Oh, the false analogy!  The familiar, yet utterly irrelevant, old saw of the discrimination apologists.  Yes, we discriminate on the basis of characteristics relevant to a job, opportunity, and so on.  Isn't the burden of proof always on those who do the discriminating to explain why some characteristic is relevant?  If there is a relevant connection between the characteristic and the opportunity, we don't call the decision 'discriminating,' but 'distinguishing.'  Is there a relevant bit of distinguishing to be done with homosexuality?

The purpose of including sexual orientation in the open-ended "non-discrimination" clauses of modern legal systems is to overcome "prejudice," to normalize homosexuality…. It is, however, much more of a prejudice to think that matters of sexual conduct can, in this way, be simply placed beyond moral judgment — as though they were not, for ordinary people, the very essence of the moral life.

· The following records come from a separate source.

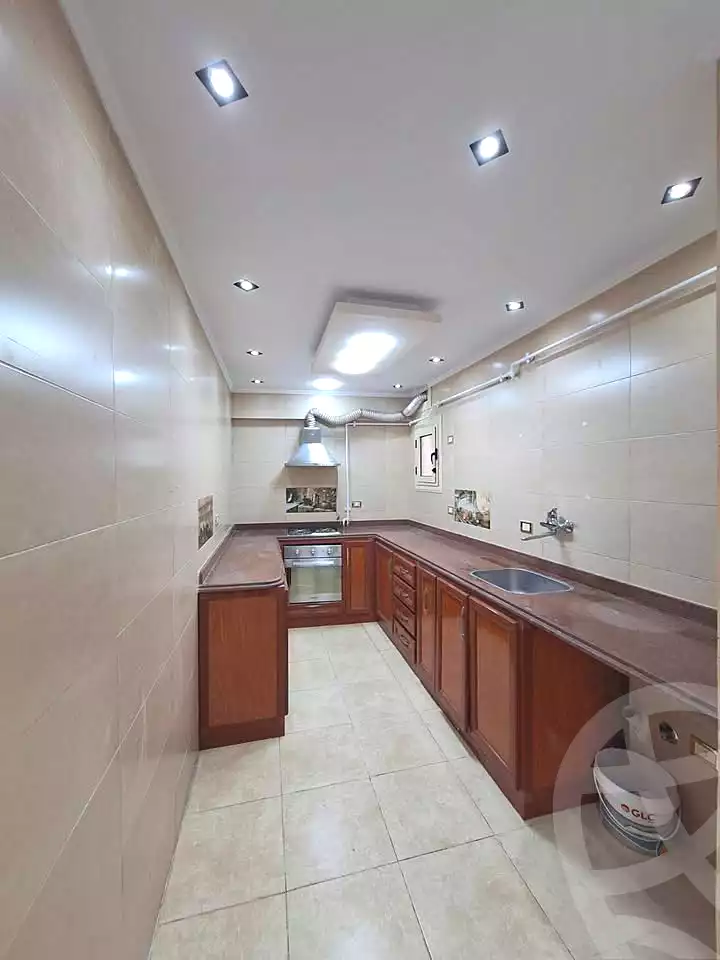 https://aqarmap.com.eg/en/listing/6955667-for-sale-alexandria-sydy-bshr-sydy-bshr-bhry-street-15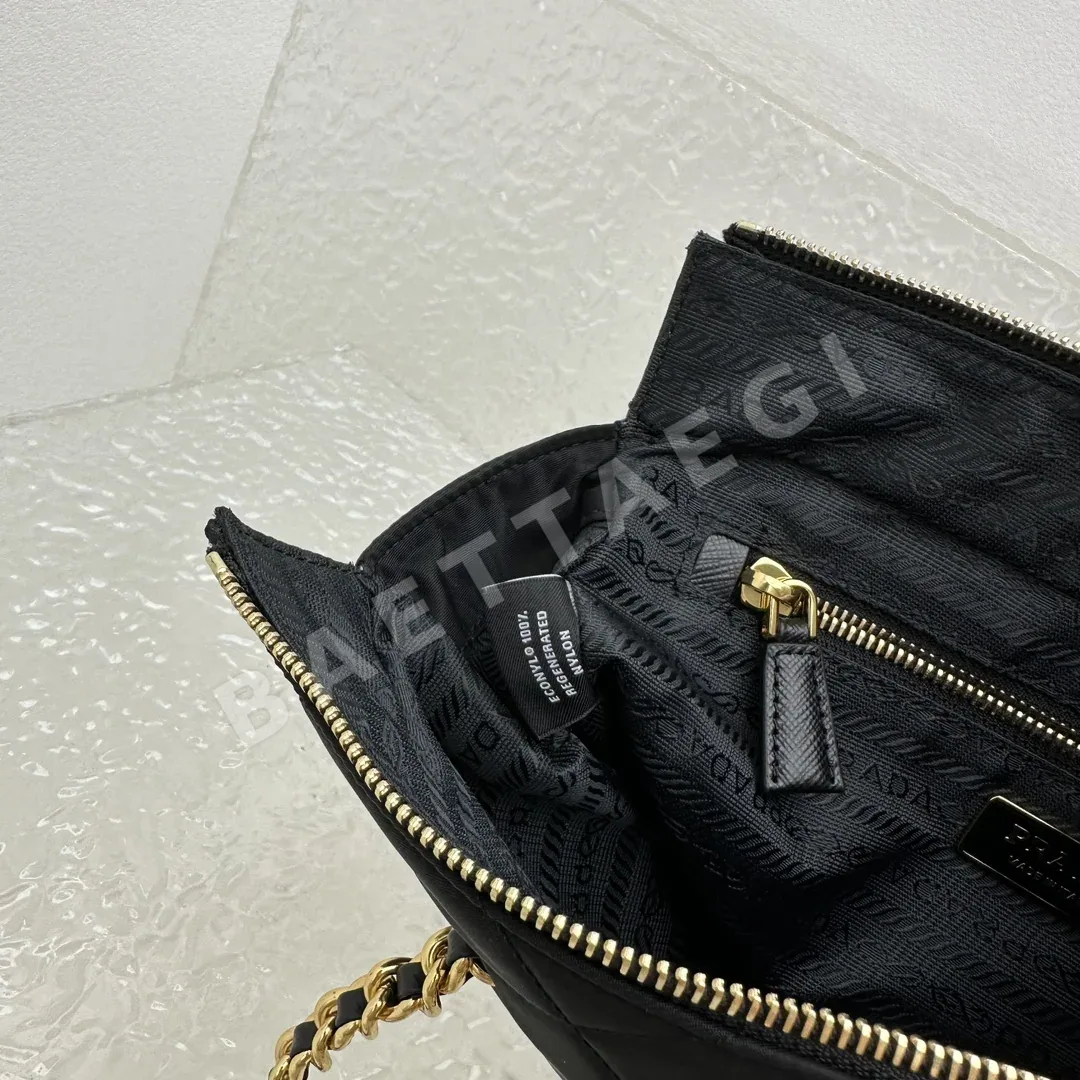 프라다 리나일론 토트백 상세 이미지 8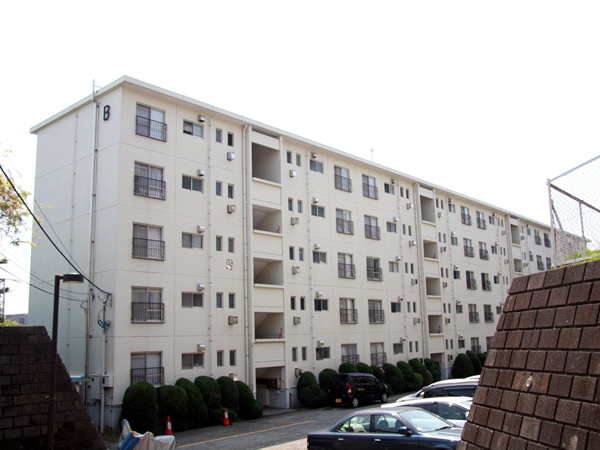 東急ドエル宮前平サニーヒルB棟の外観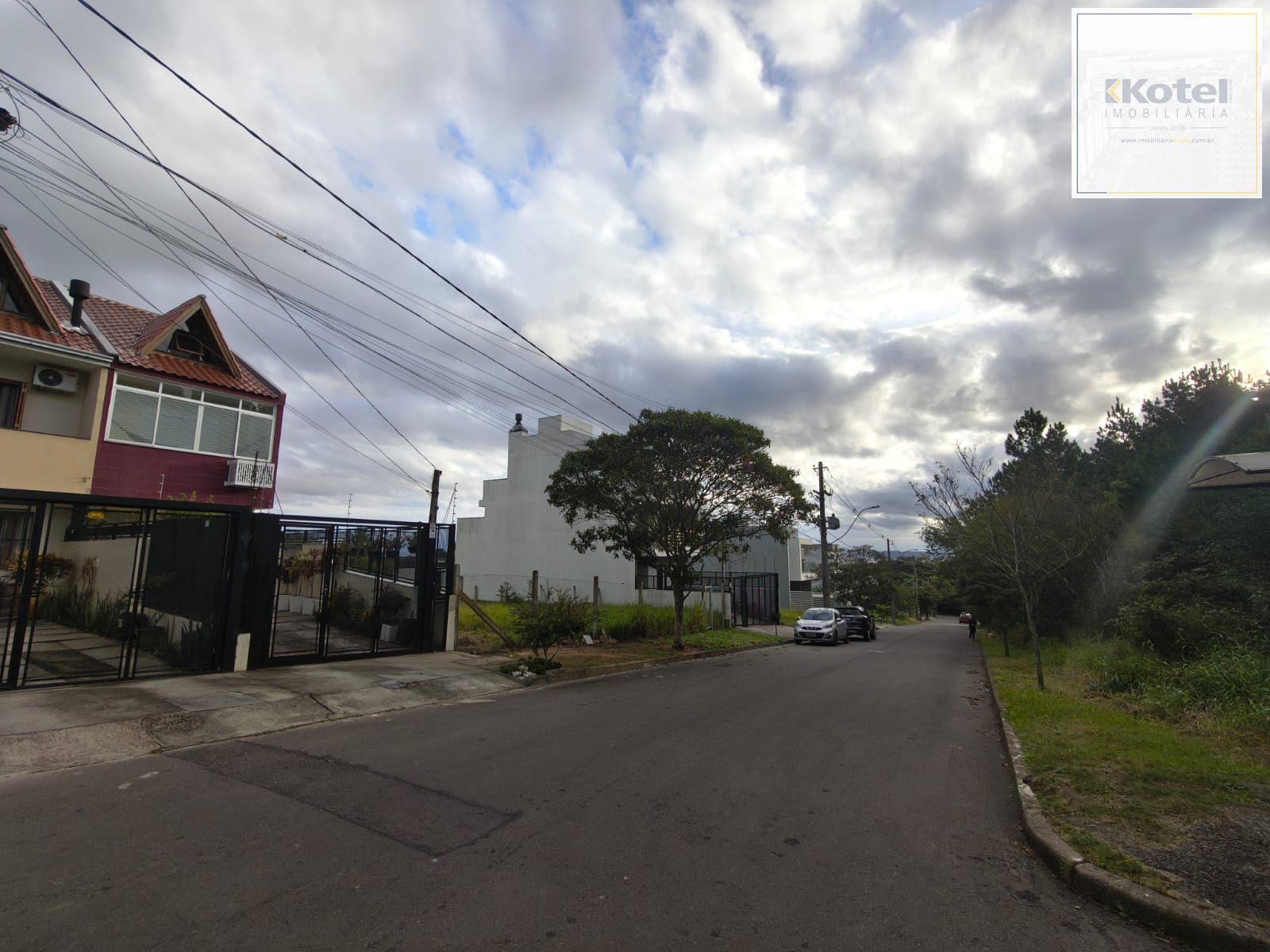 Terreno no Bairro Guarujá, medindo 8x25, Vista para o Guaíba - Porto Alegre/RS — foto 4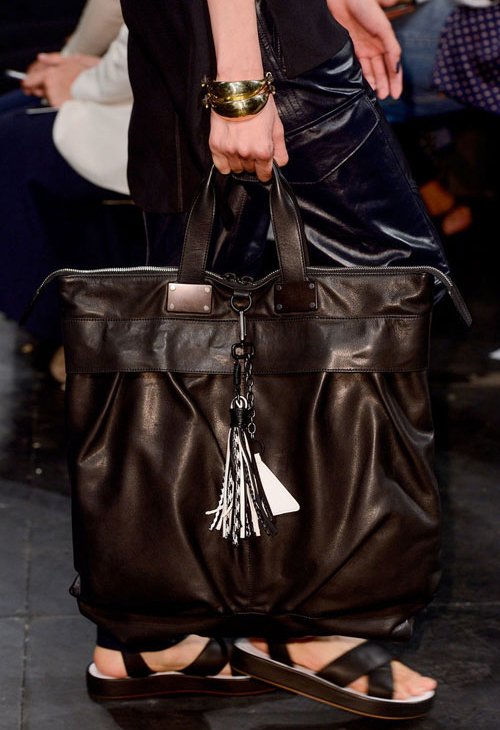 5 xu hướng túi xách độc đáo trên sàn diễn thời trang Xuân 2016-P2
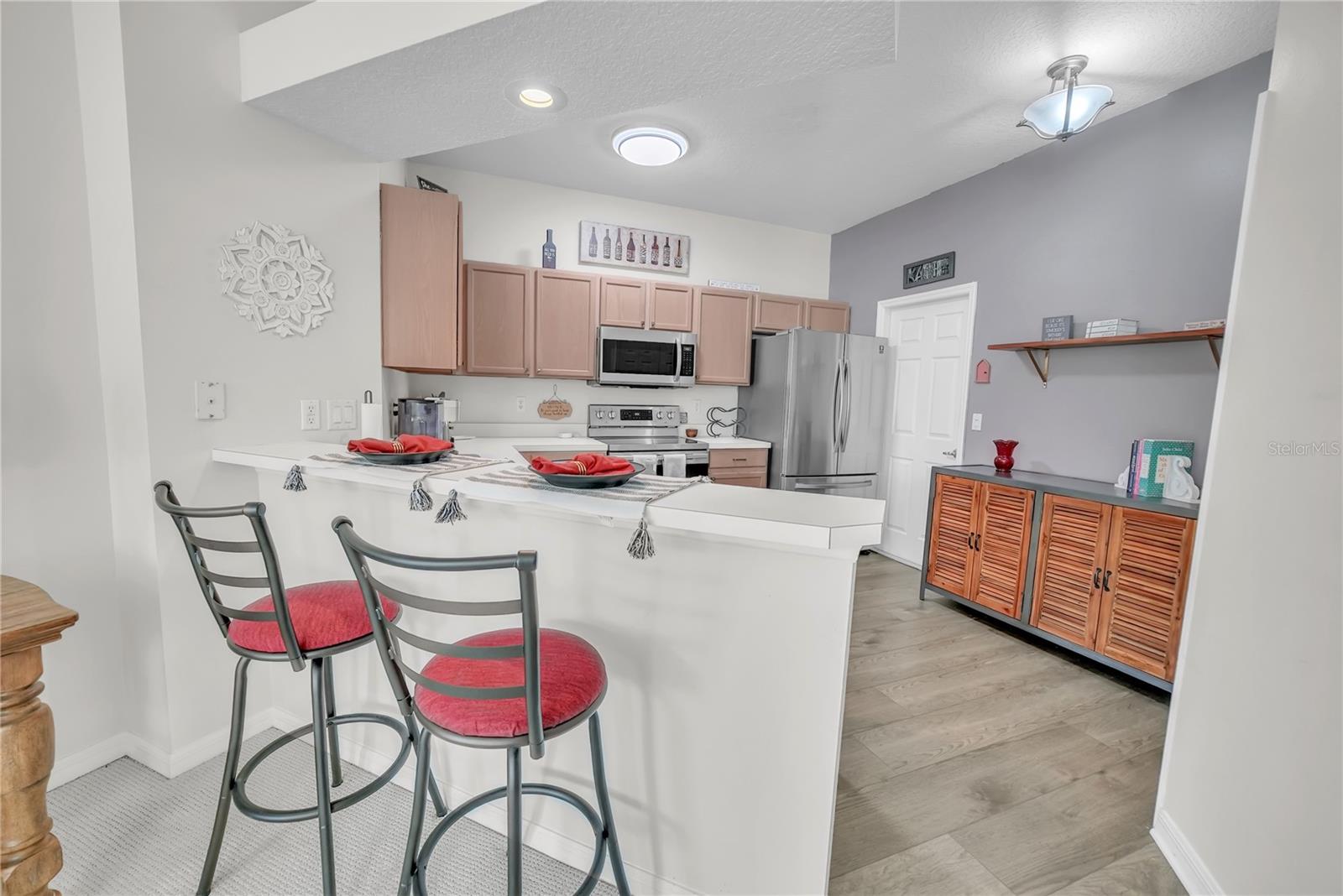 Image 12 of 41 For 20922 Jaffa Lane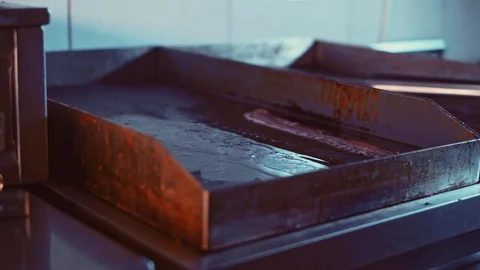 Kitchen chef putting bacon on the grill Stock-Footage 104201671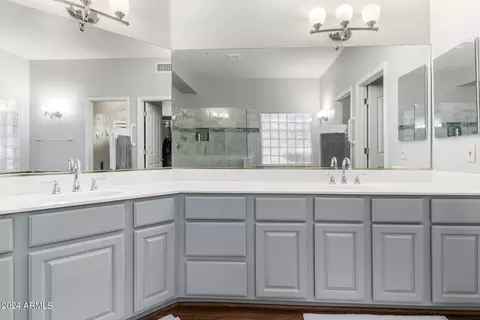 Bath - 2032 E Taxidea Way, Phoenix, AZ 85048 photo 6 of 8
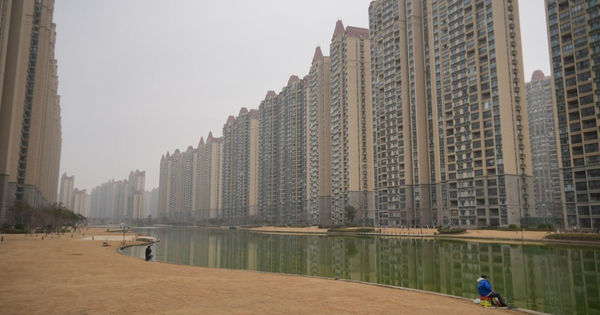 Chuyện lạ ở nền kinh tế số 2 thế giới: Gần 2 triệu người trẻ ‘biến mất’ khỏi thủ đô, đổ xô tìm nơi giá nhà rẻ hơn ô tô để ‘nghỉ hưu non’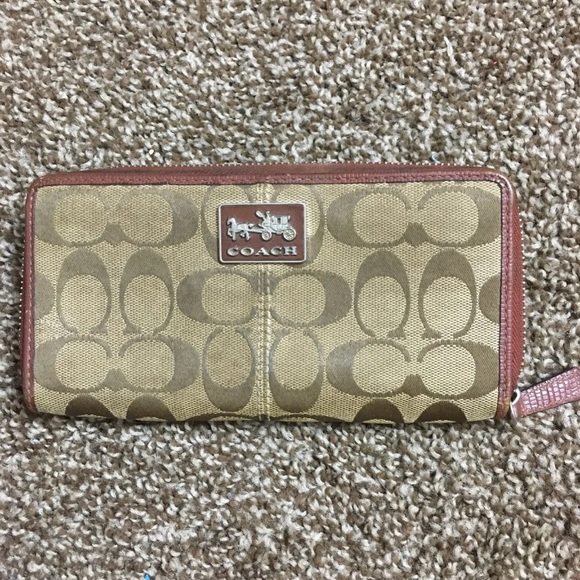 Coach wallet - Picture 1 of 4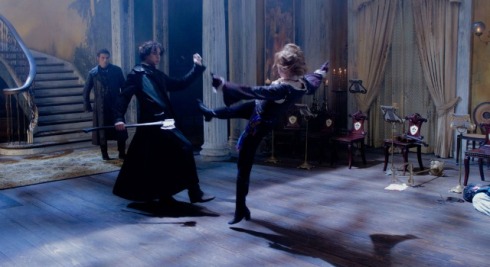 Benjamin Walker as Abe Lincoln fights with Erin Wasson (Vadoma)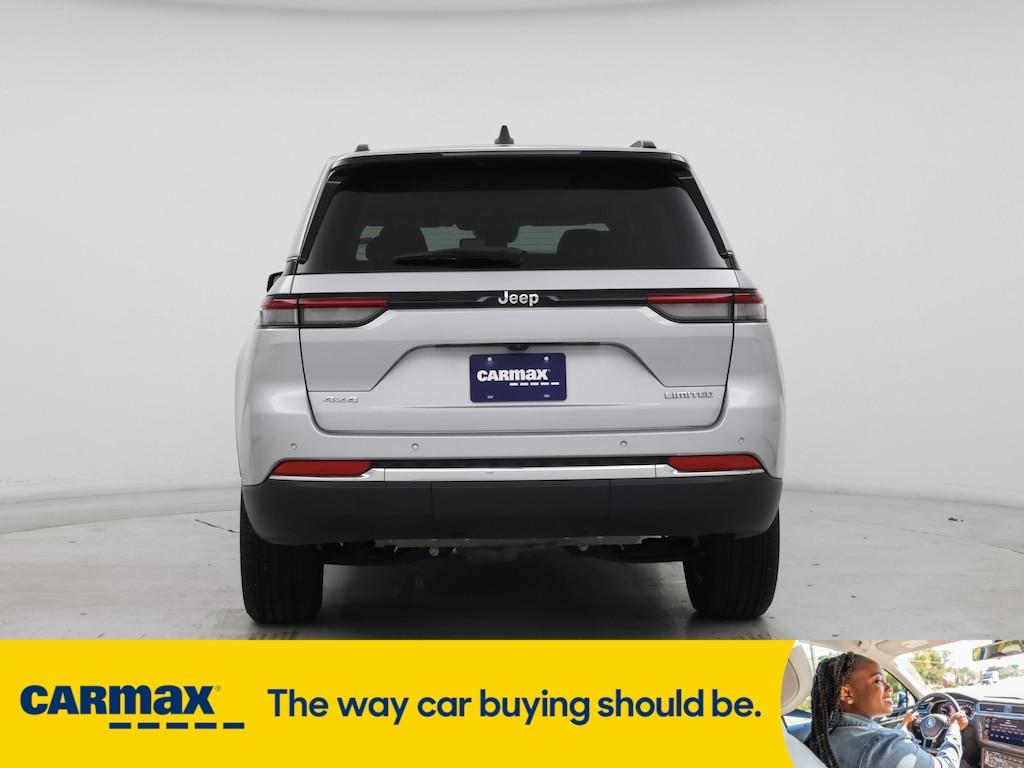used 2022 Jeep Grand Cherokee car, priced at $32,998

Ad populum, too. Everyone thinks it is unnatural and immoral, so that's evidence it is.  But why think that these views are right? 

It is one part of a considered religious morality that has stood the test of time.

But why does the fact that it is an old view make it a good one, yet?  Surely at some point in time over the course of the long testings of time someone must have said that perhaps the view needs to be worked out in some detail.  After all that time, all they have to say for the view is that it is old and keeps getting older… standing the test of time. Oh, but the times are changing. 

THIS, IT SEEMS TO ME, shows what is really at stake in these disputes. They are not about human rights, or about the perennial conflict between liberty and equality. "Non-discrimination" clauses are ways of smuggling in vast moral changes without real discussion . . . . Sex, sexual orientation, and maybe soon sexual practices — so that the hotel keeper will no longer be able to discriminate against the person who happens to live as a prostitute.

And the slippery slope to running a flophouse for prostitution for a finale!  Well, at least he didn't have the slippery slope to bestiality.  And after having repeated the same old weak arguments for discrimination, has Scruton made any headway in helping this real discussion he wants to have?  I'm sad to say I don't think so.  Which, again, is too bad.  Because he's the best thinker that conservatives have.  That may be evidence as to just how bad-off the conservative case against gay rights is.

5 thoughts on “Discrimination by any other name”

  1. Great post.  You are to be admired for wandering over to the AS.

    The collection of textbook sophistries here raises questions about exhausted views.  Granted that one can only defend this view with arguments of this calibre, one wonders how to respond (from a pragmatic perspective).  Refutation, after all, isn't going to work with someone seriously inclined to make such an argument.

    Perhaps something along these lines: http://www.youtube.com/watch?v=lrJxqvalFxM

  2. Hi John,
    The 'refutation' at the end of that YouTube clip is pretty much along the lines that's needed, as it gives the lie to those running the ad populum argument, right?
    About this point about 'tired old arguments,' I guess it is a version of the cynical induction — namely, that if those supporting view X keep going back to the same old fallacious arguments, it is evidence that the view is dead.  Again, I was hoping for more from Scruton, as he can make explicit so many of the better versions of conservative views (he's an Iron-manner).  But even he makes a mess of it.  Cynical induction in full overdrive!
    Oh, and sorry I've been absent from posting for the last few weeks.  A ton of grading and journal stuff to climb out from under.

  3. There are two arguements here. One is should one allow two gay men to bugger each outher under one’s own roof? And the other is should gay men be allowed to bugger one another in a bed and breakfast? The answer to both questions is completely hialrious.